The Atlantic Coast Line became the Seaboard Coast Line Railroad in 1967 after merging with their former rival, the Seaboard Air Line Railroad. In 1980, the Seaboard Coast Line's parent company merged with the Chessie System, creating the CSX Corporation. The CSX Corporation initially operated the Chessie and Seaboard Systems separately until 1986, when they were merged into CSX Transportation. The ex-ACL main line is still in service as CSX's A Line. In 1986, CSX abandoned remaining W&W track from Wilmington to Wallace. The former W&W from Contentnea south to Wallace is designated as CSX's W&W Subdivision (named in reference to the Wilmington and Weldon Railroad).

==Branches==
In addition to the main line between its namesake cities, the Wilmington and Weldon Railroad also operated a number of branch lines.

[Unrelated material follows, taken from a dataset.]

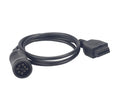 GENISYS HD 9 PIN DEUTSCH AD'TR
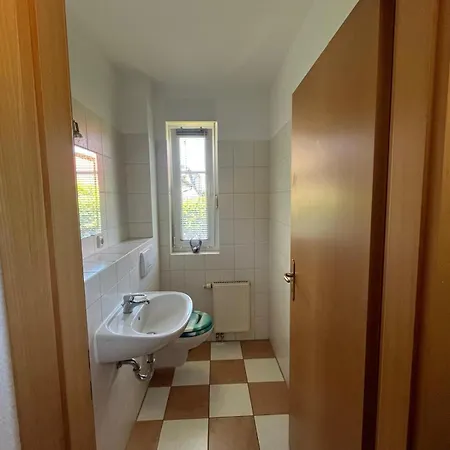 Apartmán Muschelweg *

===Scotland Neck Branch===

The Scotland Neck Branch was built in 1882 by the Scotland Neck Railroad. It connected with the main line at Pender (just south of Halifax) and ran southeast to Scotland Neck. In 1883, it was acquired by the W&W and by 1890, it had been extended south to Kinston. The branch was then known as the Kinston Branch after W&W was merged into the Atlantic Coast Line. Today, the branch is still in service from Parmele to just north of Kinston.

===Nashville Branch===
The Nashville Branch was built in 1887 and ran from the main line at Rocky Mount west to Nashville and Spring Hope. CSX sold the branch to the Nash County Railroad in 1985. It was sold again in 2011 to the Carolina Coastal Railway, who operates it today.

===Tarboro Branch===

The Tarboro Branch was built in 1850 and ran from the main line at Rocky Mount east to Tarboro. In 1882, the Albemarle and Raleigh Railroad was built which extended the branch east to Williamston on the Roanoke River. It was extended again in 1890 to Plymouth. The W&W acquired the Albemarle and Raleigh Railroad in 1885.

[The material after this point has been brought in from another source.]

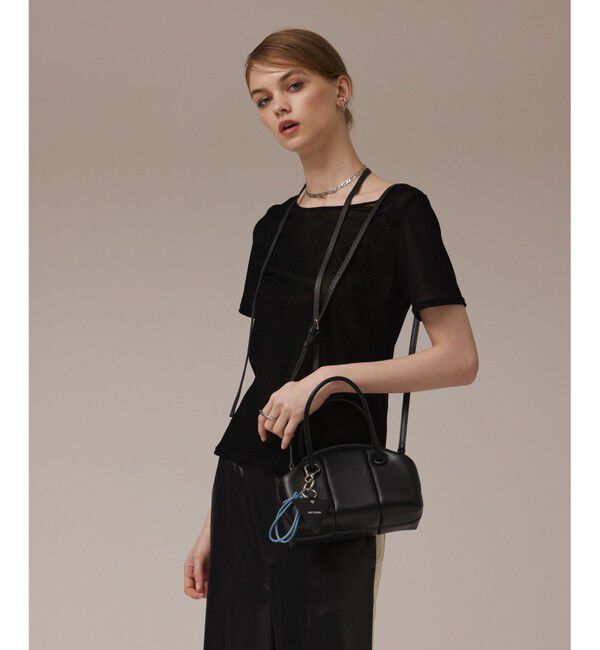  「ADD CULUMN PUFF BOSTON」|ハンドバッグ|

After the W&W was merged into the Atlantic Coast Line, the branch was part of the ACL's Norfolk—Rocky Mount Line west of Tarboro (which continued to Norfolk via the former Norfolk and Carolina Railroad). East of Tarboro, it was known as the Plymouth Branch. The branch is still in service today.

===Midland Branch===

The Midland Branch ran from the main line at Goldsboro west to Smithfield. It was originally chartered as the Smithfield and Goldsboro Railroad and it was built by its parent company, the Midland North Carolina Railway. It was acquired by the W&W in 1885. It was named the Midland Branch after the Midland North Carolina Railway. The branch closely paralleled the North Carolina Railroad (which was operated by the Southern Railway). Atlantic Coast Line abandoned the Midland Branch in 1930.

===Clinton Branch===
The Clinton Branch was built in 1887 and ran from the main line at Warsaw west to Clinton. The Clinton Branch (known today simply as the Clinton Spur) is still in service today and it is partially operated by the Clinton Railroad.